I am a country girl who grew up to the edge of a town, the darkness of the darkness of the endless wooded hills of Germany no more than a stone shot. I spent all day outdoors as I was: play in the garden, explore the forest and burns all over our house, walking towards my cousin’s house, which was even more remote. I wasn’t fair! Why did my evil parents have to impose a walk? The walks made sense, in my humble opinion. You went from A B a a again, without the freedom to play or take adventure deviations along the way. And what were you going to do while you placed one foot in front of the other? Talk? Look around? It was the very idea of ​​purgatory for me, eleven years old!

And yet. My parents pointed out different trees that I learned to identify with their leaves. We saw deer and hares, we collected bird feathers and investigated wild boar tracks in the land of the forest. My parents were also managers for fungi and berries, yawn! This made those walks even longer. Come on, I’ll make myself fall. I want to go home!

House to read my book, most likely. I was a voracious reader as a child, and my idea of ​​adventures was to disappear, quite security and without any physical effort, between the pages of a great story. There! That was better.

I extended to get out of those walks on Sunday afternoon as soon as I was an adequate teenager.

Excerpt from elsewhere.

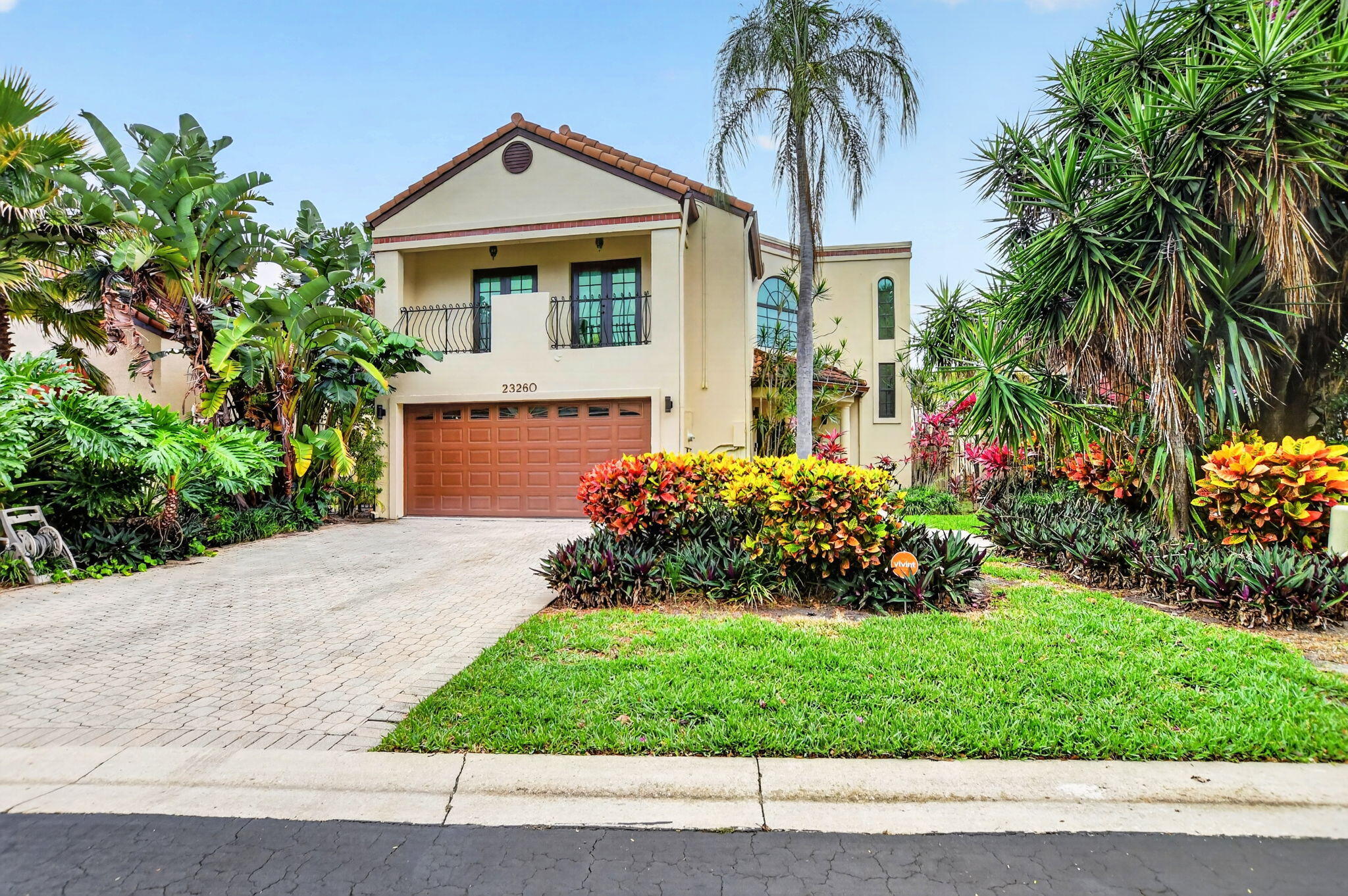 23260 Mirabella Circle N, Boca Raton FL 33433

However, when I moved to Scotland to study, something very strange happened: I began to lose all the things that had previously bothered me in my education. I started putting the table for the formal afternoons of coffee and cake that had been held. I started listening to classical music and the choir that had drowned with Springsteen at home. And, much against my best judgment, I began to develop an interest in the birds, the gardens and … going out to walk! Who had I become?

In my defense, if there was ever a country made to enter, it was Scotland! It began innocently, with short vagrants in the beautiful city of Edinburgh. In a short time, we were taking the borders, Aberfeldy and Glencoe on weekends. What was happening to me? When my husband’s work took our family to the highlands, I had to admit that it was a lost cause: I had become my parents. Like my mother and my dad before me, I am a mother of three (now adults) young people who protested against the mandatory weekend walks almost as much as he had. But they can also identify most birds and have experienced wading first -hand through Scottish dirt on the road to a fog hill, or being assaulted by a million mosquitoes in a coastal camp. My last story, I do not make mountainsIt is about that experience, being a young person who has no choice but to interact with the outdoor, but that does not resist the appeal of her.

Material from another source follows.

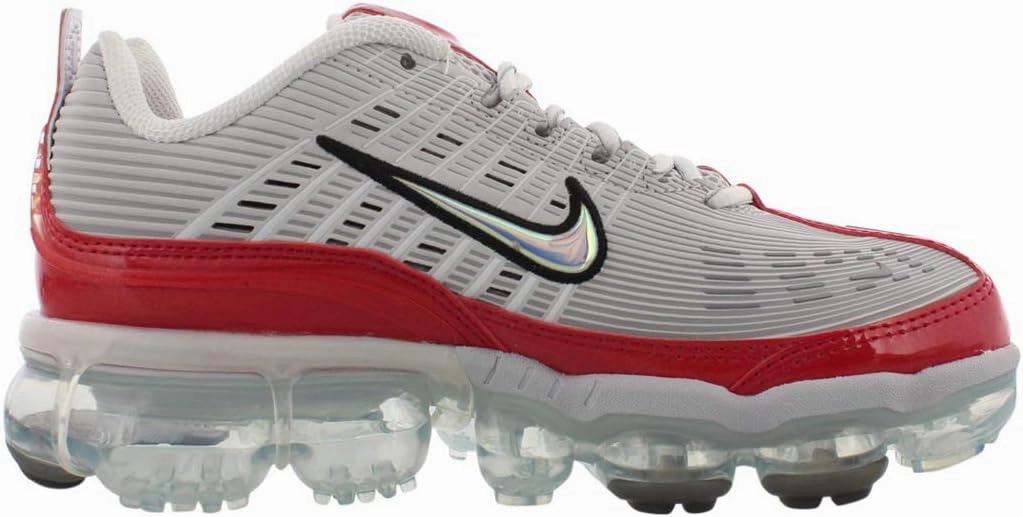 Nike Women's Race Running Shoe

Most people who pass me through the street would not classify me as a typical outdoor guy, and I am not muscular, agile or with the weather. I’m not even hard. But how could I not fall in love with the song of the birds and the breeze, and the wild places at my door?

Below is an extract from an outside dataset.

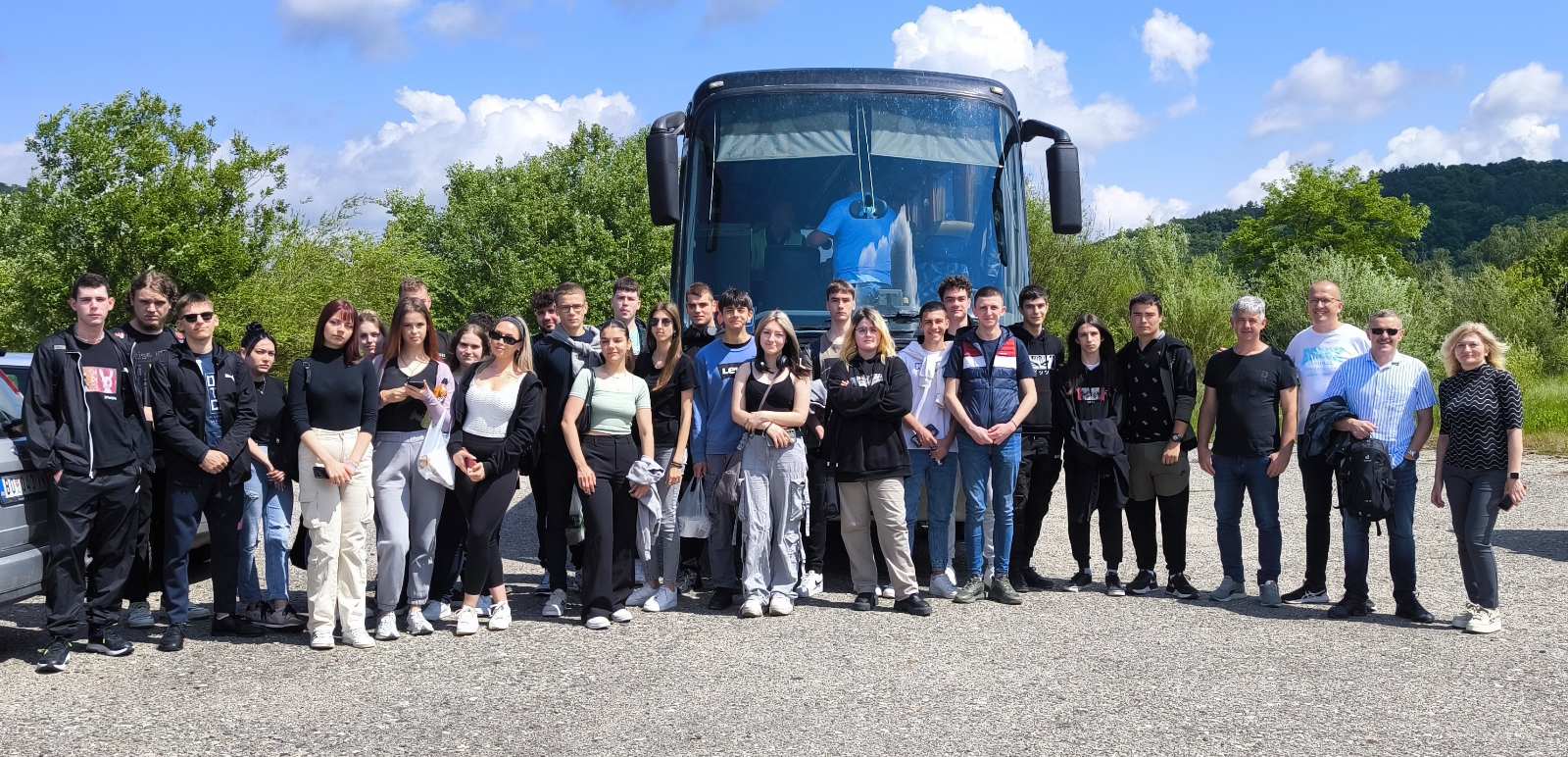 Сајм књига 6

A typical Sunday afternoon in our house will now be calm. No scream of meeting, without protest. Only the creak of the chairs while we put our walk boots and go for a walk.

It goes without saying.

****

Thank you very much Barbara, and yes, I think we all become our parents in some way, so I’m going to dig up my boots to walk, although unfortunately Fenland Lincolnshire does not offer many mountains …

About Barbara Henderson

Barbara Henderson is the award -winning author of Eleven Books, including the award -winning novels of Young Quills The chess thief and The siege of fallingas well as RivetWinner of the Books for Topics Curriculum Support Prize. Its historical and echo fiction for children is widely studied in schools. Barbara is based in the Scottish highlands, where she still teaches drama, but she loves to travel and spread history in classrooms throughout the country. When he has the opportunity, he likes to leave nearby hills.